# New Member



## coundonroad (Mar 28, 2022)

Hello all.
We're new to motorhoming (so new that we don't pick it up until 11.45 on May the 16th. I could bore you with the reg. no., the dealer's inside leg measurement, and the togs of our quilts, but I won't...).
We may be new to this, but between the two of us we have around 90 years experience of camping under canvas, plus about three years tugging, so hopefully not TOO naive!
Looking forward to setting sail, as it were.


----------



## Robmac (Mar 28, 2022)

Welcome to the forum.


----------



## Makzine (Mar 28, 2022)

Hello and welcome from Kent


----------



## jeanette (Mar 29, 2022)

Hi and welcome


----------



## GreggBear (Mar 29, 2022)

Welcome aboard.


----------



## mariesnowgoose (Mar 29, 2022)

Hello, welcome aboard


----------



## REC (Mar 29, 2022)

Hi, welcome! We bore each other on here with tog ratings of duvets and "useful" gadgets to buy/ not buy, use / not use....so you will fit in ok!


----------



## campervanannie (Mar 29, 2022)

Welcome to the forum.


----------



## Kontiki659 (Mar 29, 2022)

Welcome I'm sure you will have fun


----------



## Alli B (Mar 29, 2022)

Hi and welcome, sounds like more adventures to come. Hassle free .


----------



## RoadTrek Boy (Mar 30, 2022)

Hi, and welcome from Torbay, Devon...


----------



## phillybarbour (Apr 2, 2022)

Hi and welcome along, lots of experience there.


----------



## coundonroad (Jul 30, 2022)

I was just a freeloader back then, but have now paid my way!


----------



## coundonroad (Jul 30, 2022)

Oh, and we've done our first 26 nights in the motorhome.
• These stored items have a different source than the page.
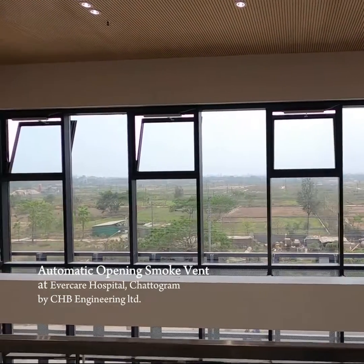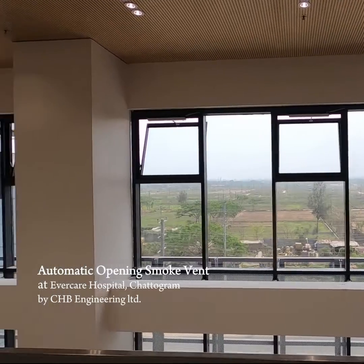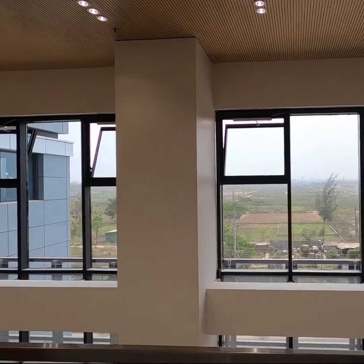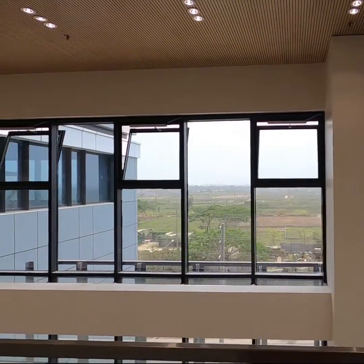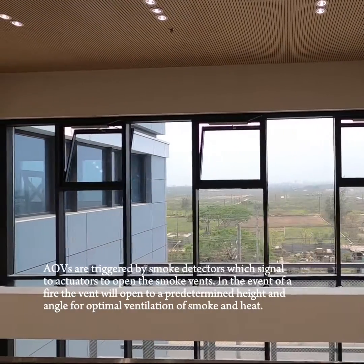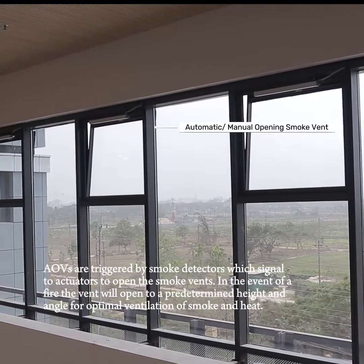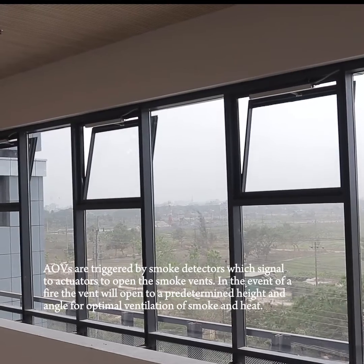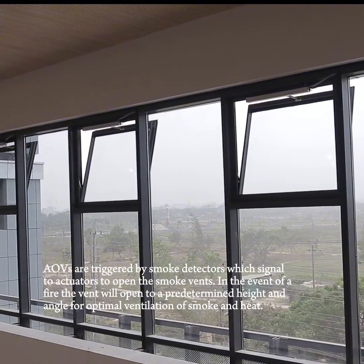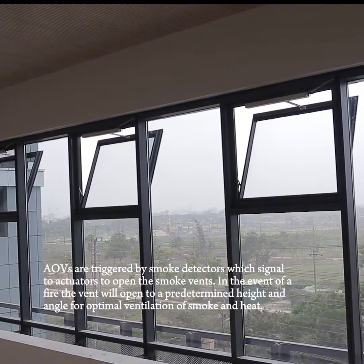Automatic Opening Smoke Vent at Evercare Hospital, Chattagram, by CHB Engineering Ltd. AOVs are triggered by smoke detectors, which signal to actuators to open the smoke vents in the event of a fire. The vent will open to a predetermined height and angle for optimal ventilation of smoke and heat.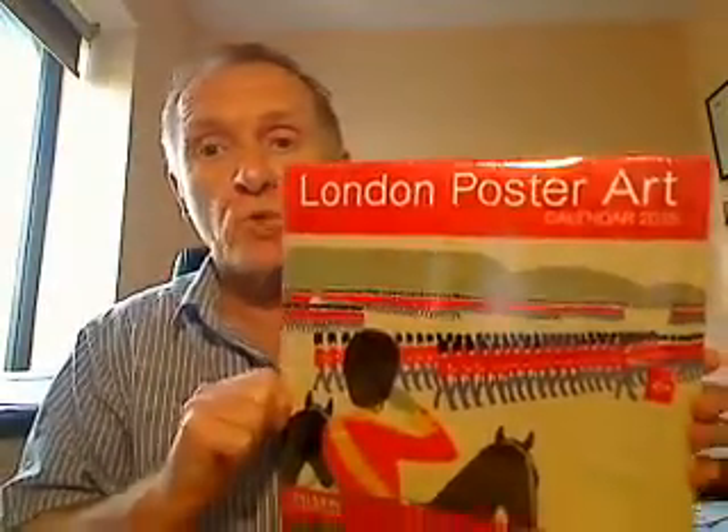Oh, hi there. In this video, I'd like to show you the brand new wall calendar, London Poster Art. It's a large, colourful wall calendar, measured at approximately 12 inches by 12 inches.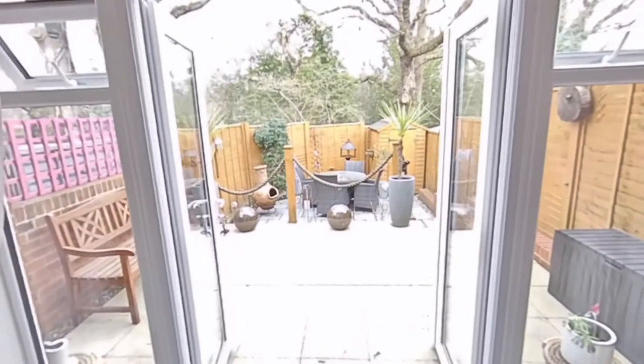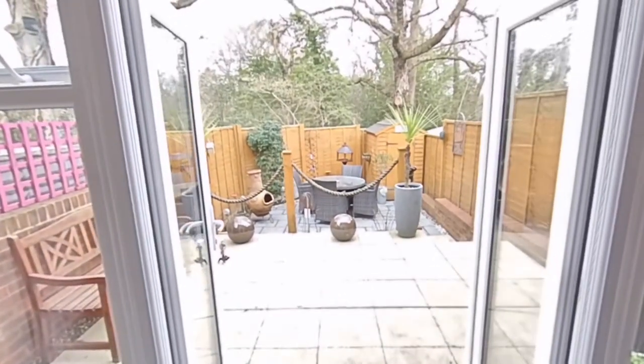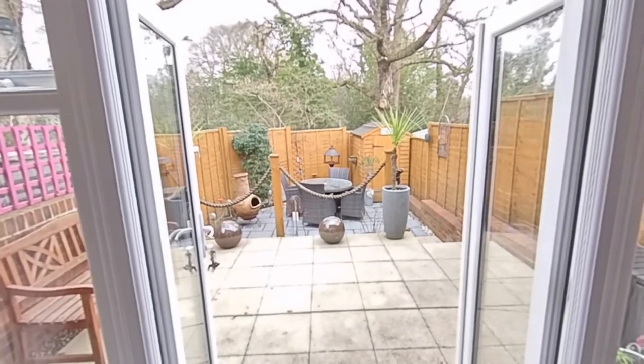We have brilliant bifolding doors going out to a private garden that leads almost directly onto the locally revered country park.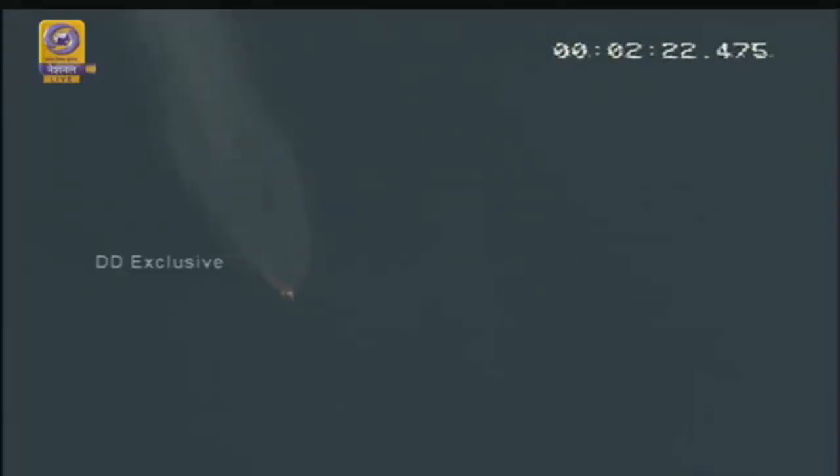Right now we are at 135 seconds. We have continuous burning of strap-ons and L-110. Just now we saw the announcement that two solid strap-on boosters S-200 have been successfully separated.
Still a long way to catch up with the tent camping though...
Off to Germany, France, and northern Spain (probably dipping in and out of a few others while we're at it) in September and October.


----------



## maingate (Aug 1, 2022)

Coundon Road eh?

Is that the Coundon near where we used to live at Rushyford?

Welcome to the forum.


----------



## Alli B (Aug 2, 2022)

Hello and welcome, enjoy your new motorhome and adventures.


----------



## Harrytherid (Aug 2, 2022)

Nice to see all the welcome posts,  I concur.


----------



## Apollo 13 (Aug 2, 2022)

coundonroad said:


> Hello all.
> We're new to motorhoming (so new that we don't pick it up until 11.45 on May the 16th. I could bore you with the reg. no., the dealer's inside leg measurement, and the togs of our quilts, but I won't...).
> We may be new to this, but between the two of us we have around 90 years experience of camping under canvas, plus about three years tugging, so hopefully not TOO naive!
> Looking forward to setting sail, as it were.


Hello, and welcome.


----------